> WHAT IS EXPECTED: Copy out precisely the lines of the material that follows, beginning with the line containing "Bach not bark" and ending with its last line; exclude pictures.

━━━ INPUT ━━━

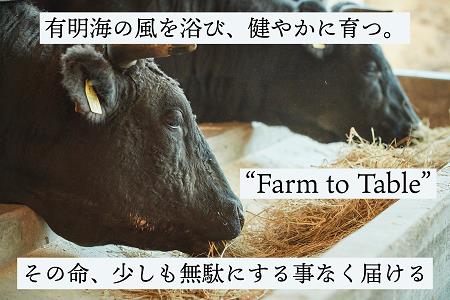【牧場直送】佐賀産黒毛和牛 至福のきりおとし 500g：B130-004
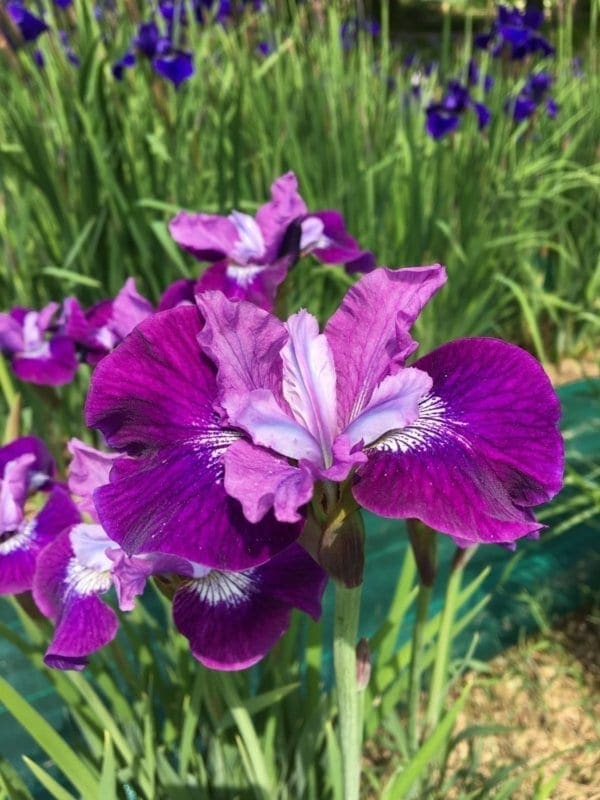 sb27_lady_vanessa_jardin_jardindesiris
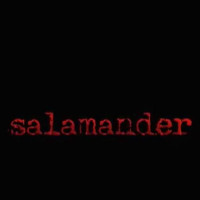 警部ジェラルディ 孤高のブリュッセル捜査線 | 原題 - Salamander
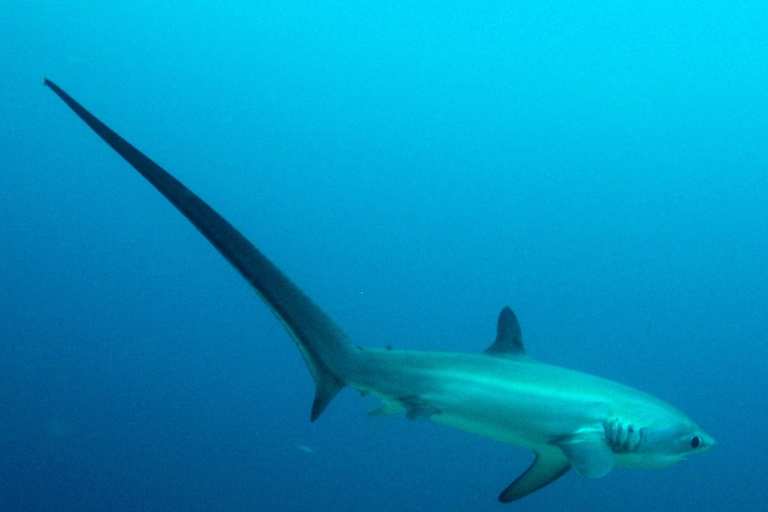 Malapascua: Advance Divers Shark Dive & Optional Transfer Thresher Shark Dive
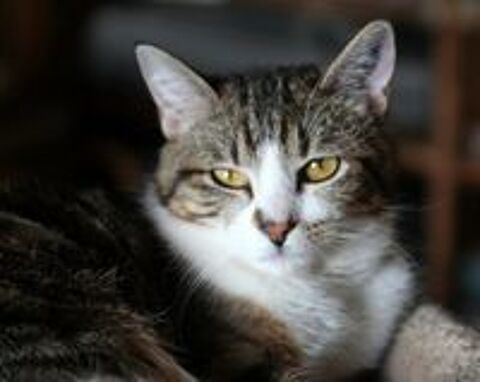 ESPOIR FEMELLE SENIOR TIGRE BLANC 10 ANS 1/2 145 92260 Fontenay-aux-roses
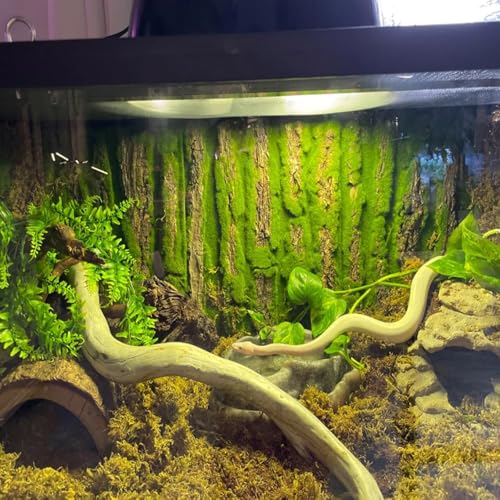 PINVNBY Cork Terrarium Background,Reptile Bark Backdrop Wall Decor and Artificial Moss for Gecko,Lizard,Tortoise,Chameleon (2 Pack) - size: 【2 PCS】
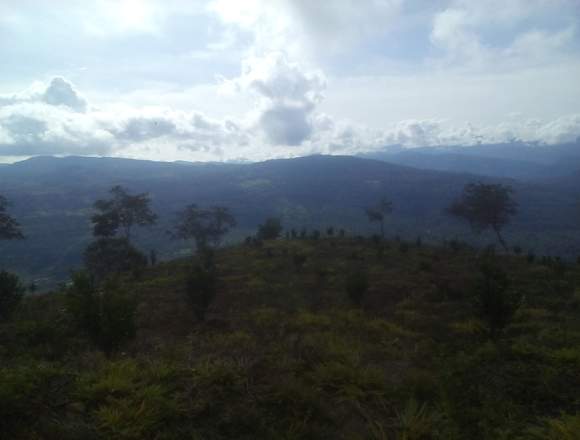 SE VENDE LOTE RURAL A 20 MIN DE SANGIL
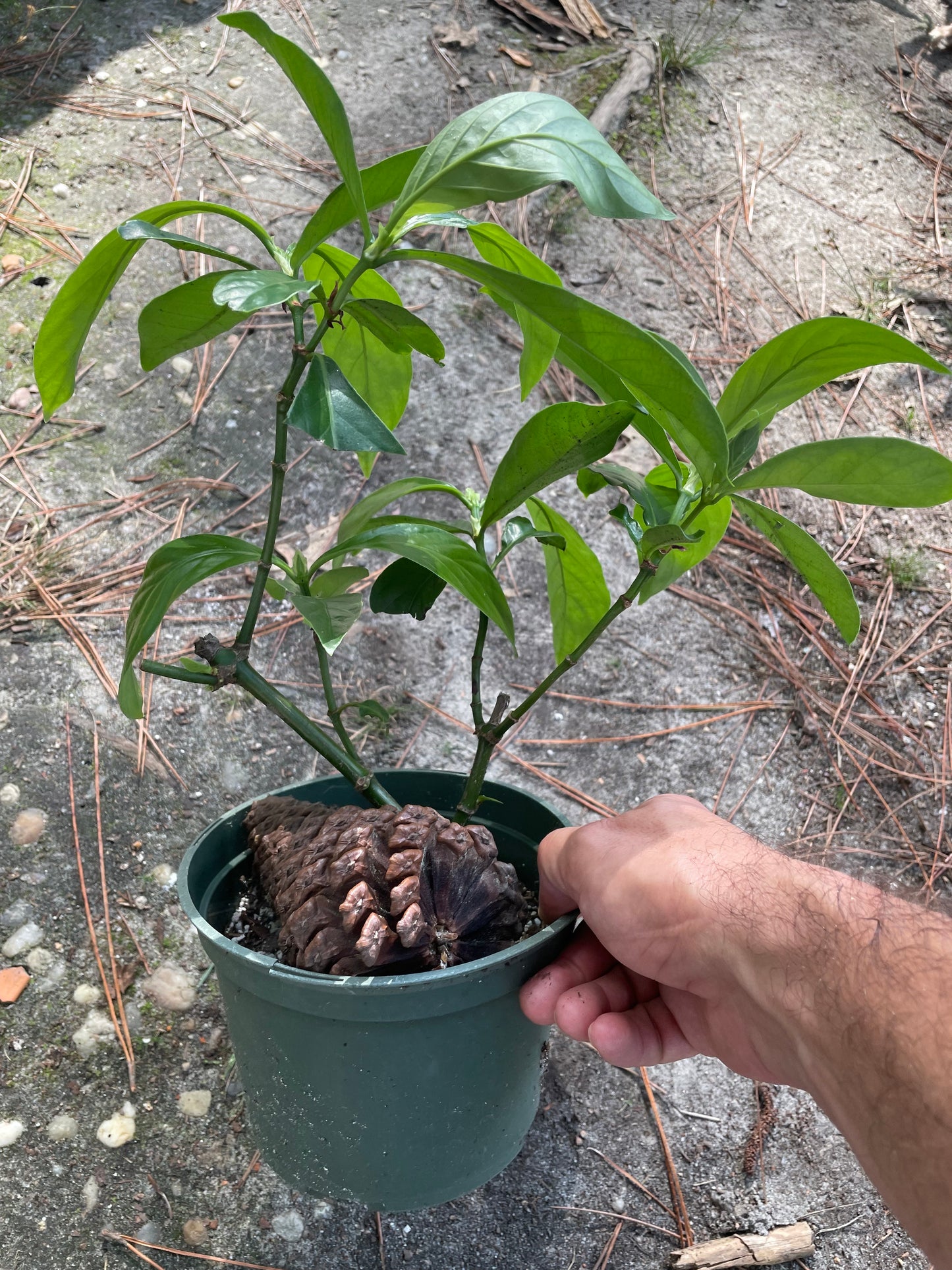 Psychotria Nexus (hybrid of P. Viridis and P. Carthagensis) LARGE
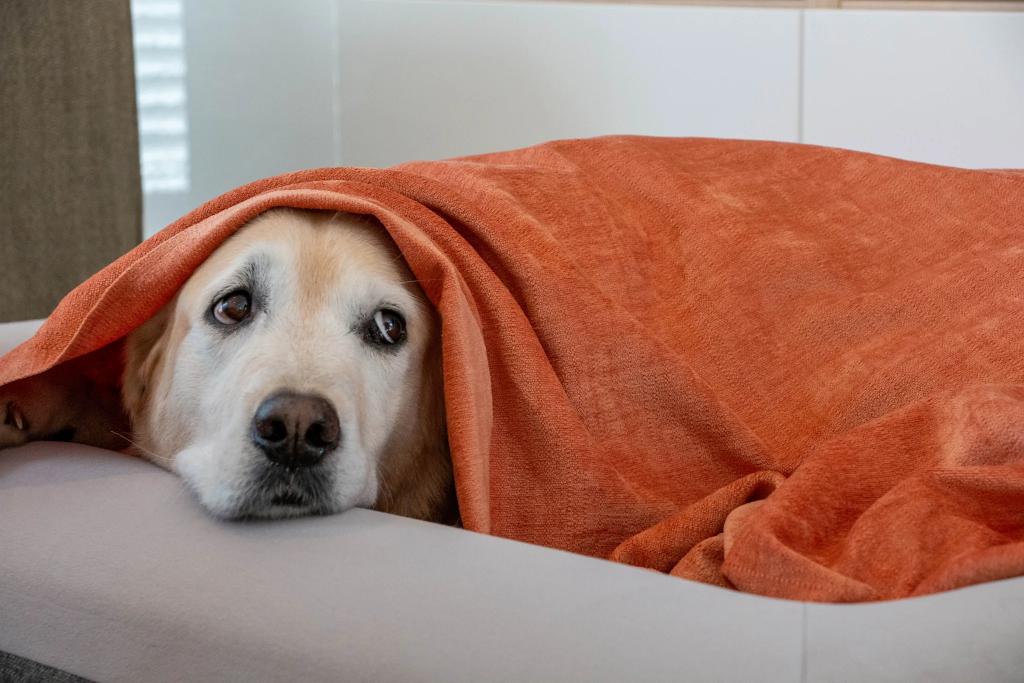 Bach not bark - Concert for Animals a radio first on Guy Fawkes 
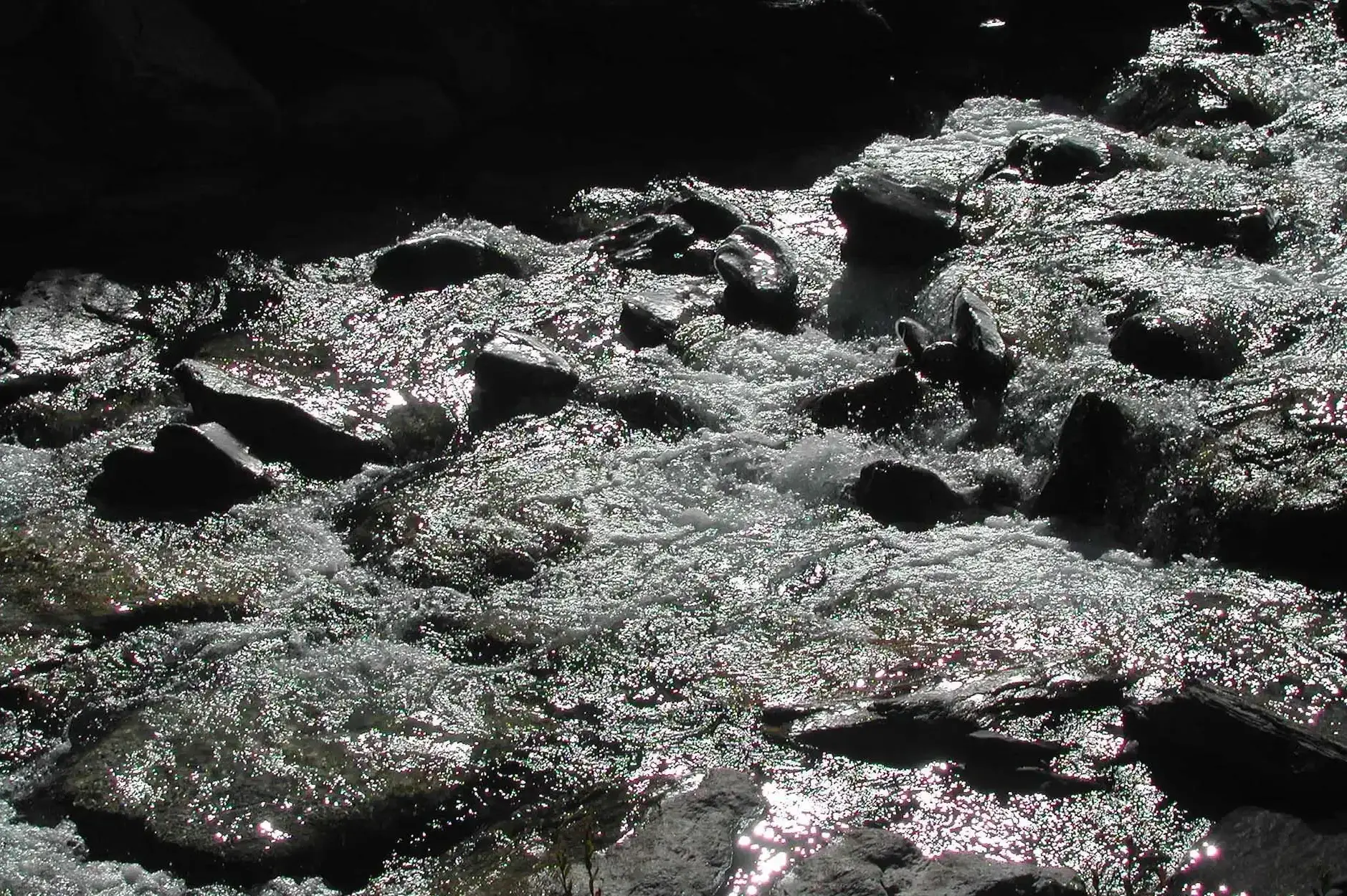 CF Foto Impression 111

━━━

> SOLUTION:
 Bach not bark - Concert for Animals a radio first on Guy Fawkes 
 CF Foto Impression 111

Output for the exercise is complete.